▶ [WHAT TO PRODUCE]
Look over the entries and say how many lines include the word "Drive". Only the number, please.

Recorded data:
^^^^
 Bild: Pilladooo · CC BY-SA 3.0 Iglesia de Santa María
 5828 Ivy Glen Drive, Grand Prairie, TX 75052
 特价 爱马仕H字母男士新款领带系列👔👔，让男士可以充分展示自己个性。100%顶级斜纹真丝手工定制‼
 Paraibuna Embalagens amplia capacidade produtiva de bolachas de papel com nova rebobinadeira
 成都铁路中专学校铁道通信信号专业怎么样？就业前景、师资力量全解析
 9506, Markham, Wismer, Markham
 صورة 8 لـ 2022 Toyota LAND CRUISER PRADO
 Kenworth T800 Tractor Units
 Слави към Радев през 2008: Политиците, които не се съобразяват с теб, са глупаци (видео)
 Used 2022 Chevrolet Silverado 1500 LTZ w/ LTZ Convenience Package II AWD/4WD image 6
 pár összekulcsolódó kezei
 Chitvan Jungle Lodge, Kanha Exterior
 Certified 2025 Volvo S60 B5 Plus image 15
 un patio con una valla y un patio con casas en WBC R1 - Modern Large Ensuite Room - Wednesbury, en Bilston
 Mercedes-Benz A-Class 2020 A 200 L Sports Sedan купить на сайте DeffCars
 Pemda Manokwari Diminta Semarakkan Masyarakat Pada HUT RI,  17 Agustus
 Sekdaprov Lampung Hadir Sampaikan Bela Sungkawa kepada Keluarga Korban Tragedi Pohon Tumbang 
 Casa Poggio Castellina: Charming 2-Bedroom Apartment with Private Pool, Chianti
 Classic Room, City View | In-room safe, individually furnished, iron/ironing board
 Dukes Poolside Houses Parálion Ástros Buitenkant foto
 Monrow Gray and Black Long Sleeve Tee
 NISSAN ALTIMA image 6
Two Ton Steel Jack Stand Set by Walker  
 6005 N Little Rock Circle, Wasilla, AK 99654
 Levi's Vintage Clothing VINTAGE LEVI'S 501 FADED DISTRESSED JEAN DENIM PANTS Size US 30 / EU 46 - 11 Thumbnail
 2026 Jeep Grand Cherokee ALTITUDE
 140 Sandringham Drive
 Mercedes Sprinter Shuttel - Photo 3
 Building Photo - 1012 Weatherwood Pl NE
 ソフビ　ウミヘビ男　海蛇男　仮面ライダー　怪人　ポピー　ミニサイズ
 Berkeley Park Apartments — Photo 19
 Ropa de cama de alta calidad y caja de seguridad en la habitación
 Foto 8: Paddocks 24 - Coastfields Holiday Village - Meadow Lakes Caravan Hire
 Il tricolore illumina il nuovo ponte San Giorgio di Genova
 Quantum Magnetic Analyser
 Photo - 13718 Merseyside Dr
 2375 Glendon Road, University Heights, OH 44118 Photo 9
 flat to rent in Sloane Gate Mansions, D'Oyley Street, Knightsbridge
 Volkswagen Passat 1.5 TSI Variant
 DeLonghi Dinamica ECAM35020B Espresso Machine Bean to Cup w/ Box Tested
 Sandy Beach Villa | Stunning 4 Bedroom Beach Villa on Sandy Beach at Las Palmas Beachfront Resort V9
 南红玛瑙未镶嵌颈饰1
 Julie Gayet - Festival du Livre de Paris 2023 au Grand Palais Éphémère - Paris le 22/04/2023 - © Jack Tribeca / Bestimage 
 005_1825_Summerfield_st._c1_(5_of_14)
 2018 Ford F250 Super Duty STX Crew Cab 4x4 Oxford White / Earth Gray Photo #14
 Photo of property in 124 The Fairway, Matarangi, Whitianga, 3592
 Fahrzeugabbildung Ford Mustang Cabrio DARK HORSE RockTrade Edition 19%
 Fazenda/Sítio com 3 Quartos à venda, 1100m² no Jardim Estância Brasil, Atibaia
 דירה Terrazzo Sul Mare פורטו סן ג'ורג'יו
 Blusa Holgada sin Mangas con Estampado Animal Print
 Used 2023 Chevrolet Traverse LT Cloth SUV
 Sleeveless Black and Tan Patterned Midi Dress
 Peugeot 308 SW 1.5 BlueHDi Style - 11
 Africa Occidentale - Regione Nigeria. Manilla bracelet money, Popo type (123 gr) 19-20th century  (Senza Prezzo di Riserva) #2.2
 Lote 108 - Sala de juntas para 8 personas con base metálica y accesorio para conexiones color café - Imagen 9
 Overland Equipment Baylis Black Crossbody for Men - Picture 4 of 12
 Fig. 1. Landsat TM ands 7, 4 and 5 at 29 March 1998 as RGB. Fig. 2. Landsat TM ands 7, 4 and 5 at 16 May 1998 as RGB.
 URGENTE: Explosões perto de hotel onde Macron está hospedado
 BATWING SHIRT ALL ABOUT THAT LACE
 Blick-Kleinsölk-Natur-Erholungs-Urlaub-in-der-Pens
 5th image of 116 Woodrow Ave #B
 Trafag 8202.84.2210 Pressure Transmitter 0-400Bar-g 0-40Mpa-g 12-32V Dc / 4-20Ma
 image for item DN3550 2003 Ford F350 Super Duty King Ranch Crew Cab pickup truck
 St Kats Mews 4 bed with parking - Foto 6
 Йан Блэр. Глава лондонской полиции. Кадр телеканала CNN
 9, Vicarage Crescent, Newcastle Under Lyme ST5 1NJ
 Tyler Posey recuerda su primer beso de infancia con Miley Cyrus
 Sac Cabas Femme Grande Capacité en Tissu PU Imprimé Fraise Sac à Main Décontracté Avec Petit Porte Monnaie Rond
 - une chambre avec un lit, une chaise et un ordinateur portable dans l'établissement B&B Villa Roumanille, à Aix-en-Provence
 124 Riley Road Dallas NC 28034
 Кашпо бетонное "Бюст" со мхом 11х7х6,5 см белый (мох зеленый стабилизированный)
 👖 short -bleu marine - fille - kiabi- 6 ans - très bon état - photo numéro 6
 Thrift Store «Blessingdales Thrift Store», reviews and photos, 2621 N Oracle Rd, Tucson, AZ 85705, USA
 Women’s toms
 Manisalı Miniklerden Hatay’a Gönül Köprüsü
^^^^
▶ [TASK RESPONSE]
2